While Mr. Hikind's effort is well-intentioned, Prof. Hamilton calls it "a doomed project." Resolving cases of sexual abuse without the legal establishment in this country "has never worked in any other religious community," she points out, citing the Catholic Church as an example. And the truth is, many rabbis agree with her. According to Rabbi Mark Dratch, the chief executive officer of JSAFE (The Jewish Institute Supporting an Abuse-Free Environment), "Rabbinic authorities do not have the expertise or ability to handle these things. Making reports [to the legal authorities] is the only way to go."

Mr. Hikind insists that his plan does not look to circumvent law enforcement, but to collaborate with it. The question, though, is if the ultra-Orthodox constituency that Mr. Hikind is working with will be a real partner in this endeavor. In the past, they have unfortunately been resistant, worrying more about the consequences of disparaging renowned Torah scholars than about protecting a child's life. Some rabbis in the community have even impeded the efforts of other rabbis who are willing to speak out and take action. Orthodox rabbi and psychologist Benzion Twerski resigned from Mr. Hikind's task force for fear of tarnishing his reputation and his family's reputation within the community. In Williamsburg, Rabbi Nuchum Rosenberg received threats for speaking out against abuse in his community.

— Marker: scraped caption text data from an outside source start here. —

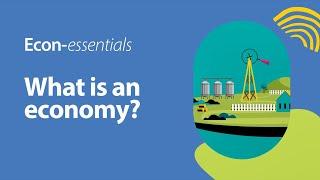 What is an economy?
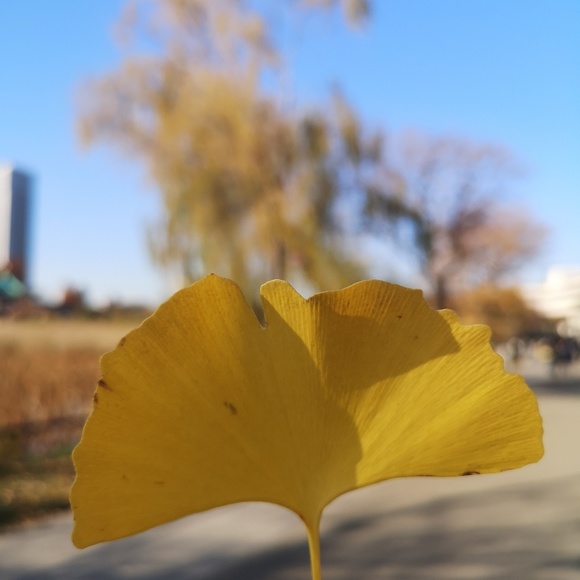 Meet your Posher, Lisa - Picture 1 of 1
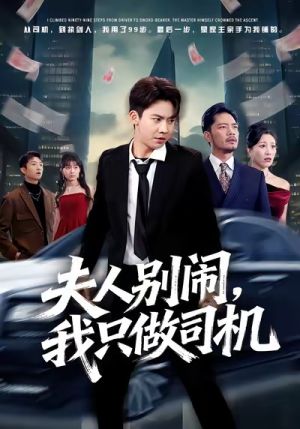 夫人别闹我只做司机（80集）无需充值尽情看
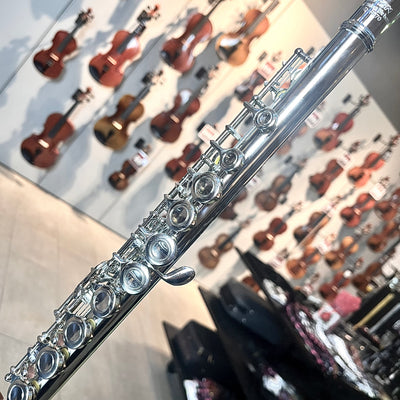 Hod Beginner: Student Flute, Ecomonical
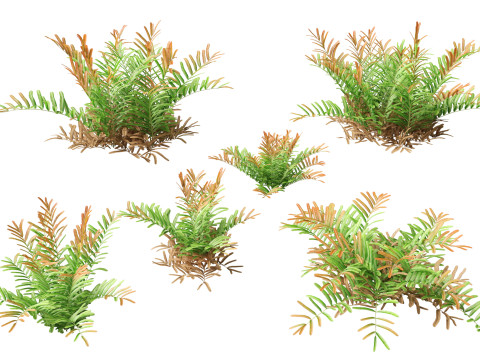 HighpolyLow Poly Acrostichum aureum - Golden leather fern 3Dモデル
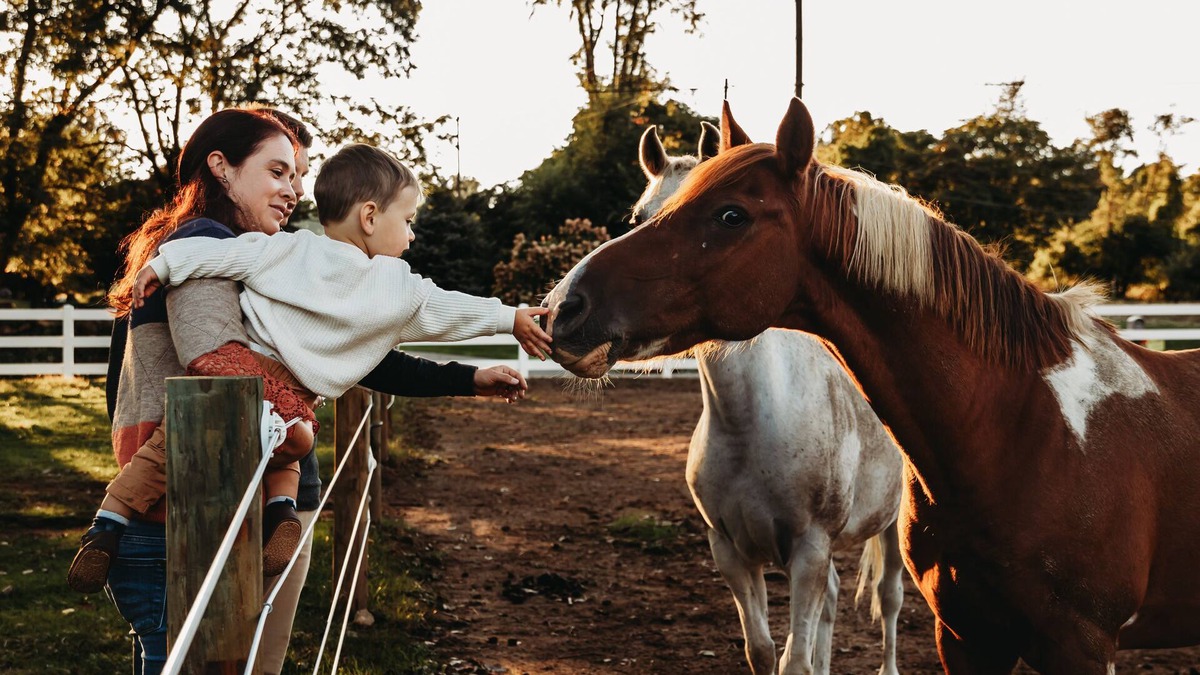 Springtown Other | Welcome to our quiet 8 acre horse farm/Rescue in Hellertown Pennsylvania!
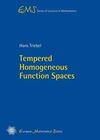 TEMPERED HOMOGENEOUS FUNCTION SPACE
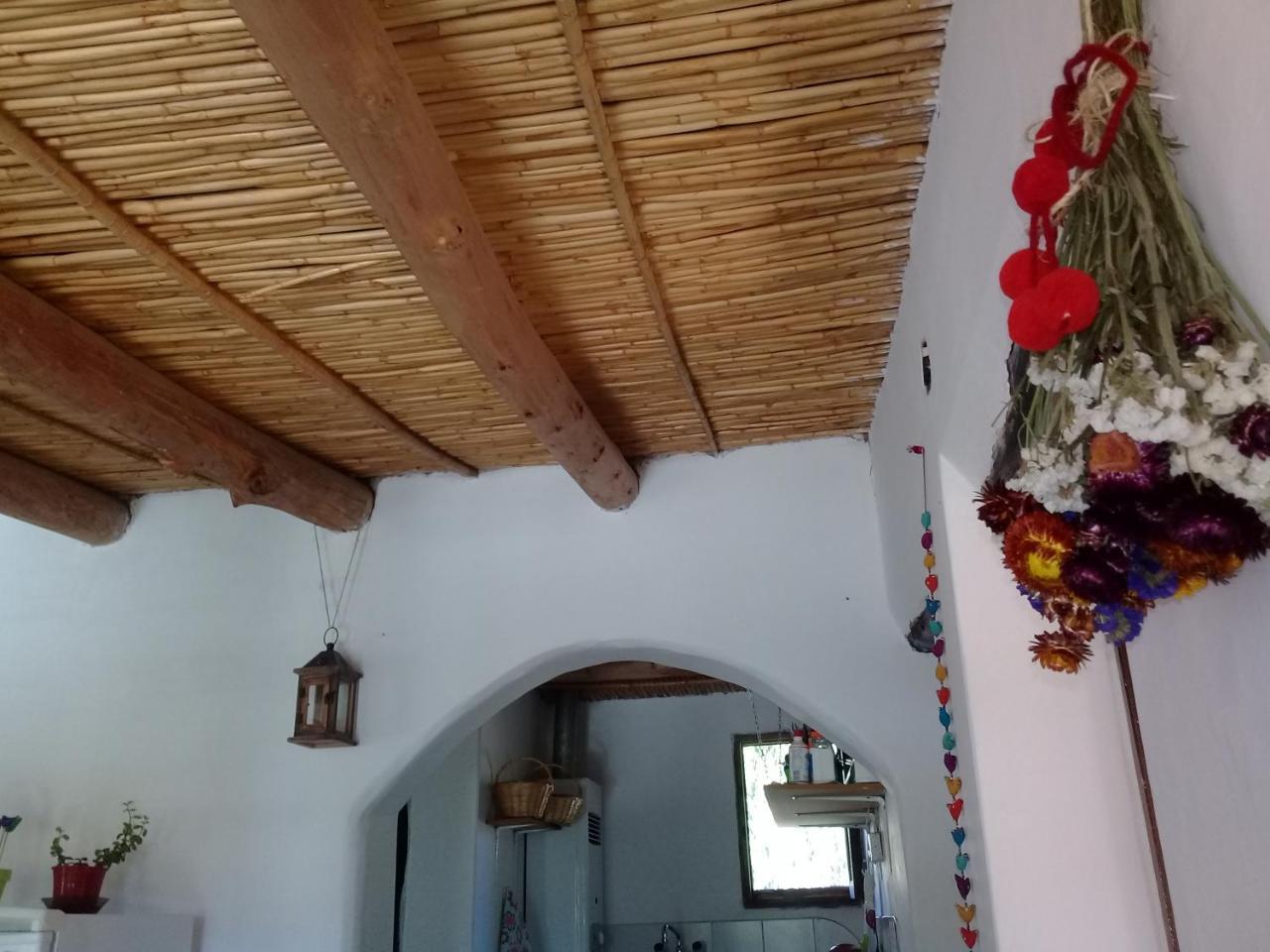 Cabana El Cardon,Casita En El Campo Quebradeno อูมาวากา ภายนอก รูปภาพ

So is Mr. Hikind's plan "doomed"? It depends. If the community is willing to take more cases to the police rather than watching alleged perpetrators float from one community to another, where they will no doubt prey again, then great. But if they are not, if they succumb to the same social pressures that have paralyzed them for decades, then every day that goes by another community of children is at risk.

No matter what happens, though, Mr. Hikind promises not to reveal any victims' names. "I will not, God forbid, destroy a person's life all over again," he says. That's good. But let's hope another child's life is not destroyed either.